An ambitious task indeed: Agile working means more than just adjusting a few controls or tweaking the odd process. It means standing the entire company on its head—in the head! Just moving around a few boxes in an organization diagram won’t do the trick, as Kurt Koch (58), who works in personnel development at Axa Winterthur, explains:

 

“To me, this isn’t a classic case of reorganization. This is not about getting rid of something, it’s all about a change in culture”

 

The boss’s role, too, is up for redefinition: It’s no longer enough for leaders to give orders and instructions or to set targets. What counts is enabling staff, the team, to act agilely—and yet not to leave behind those who value structure. “Now, instructions come from the team, and not from a superior.
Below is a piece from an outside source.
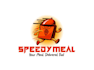 create amazing fast food delivery mascot logo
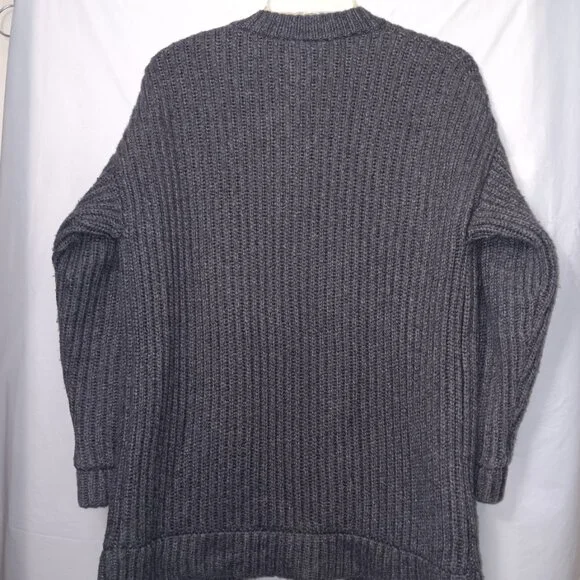 MADEWELL MERINO WOOL ALPACA BLEND CARDIGAN SWEATER - Picture 12 of 14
This has the advantage of carrying along weaker members and creating a space in the organization for people who prefer clear instructions what to do,” says Koch. Yet not everyone is pleased with the change in culture: Leveling hierarchies and the loss of privileges it entails lead some people to leave the company—yet not, as Koch confirms, because they are pressured to do so, but by choice.

 

“Success can put you to sleep,” according to Frank Hermle (50), who is an expert in corporate culture and transformation at The Culture Institute, which is supporting Axa Winterthur on its way to becoming an agile business.

 

“What we’re witnessing today is change par excellence. Many business models are disappearing,” warns Hermle.

 

To wake up the participants in the seminar, at one station, they are confronted with a fictitious but horrifying scenario: What was their part in the decline of Axa Winterthur? The point is not to look for specific mistakes, but to guide staff thinking in a particular direction: “There’s no shame in failure—if you learn from it,” as Mirjam Bamberger formulates her commitment to tolerating errors. Avowals of that kind are still rare im Swiss corporate culture. Ms. Bamberger, who is from Germany, strikes a similarly new note in discussing anther motive for change: “If we don’t change, we’ll have trouble finding suitable candidates on the job market. People have different expectations of their employers these days. It’s more about being trusted and valued than just about money,” she explains the need for an agile approach to work.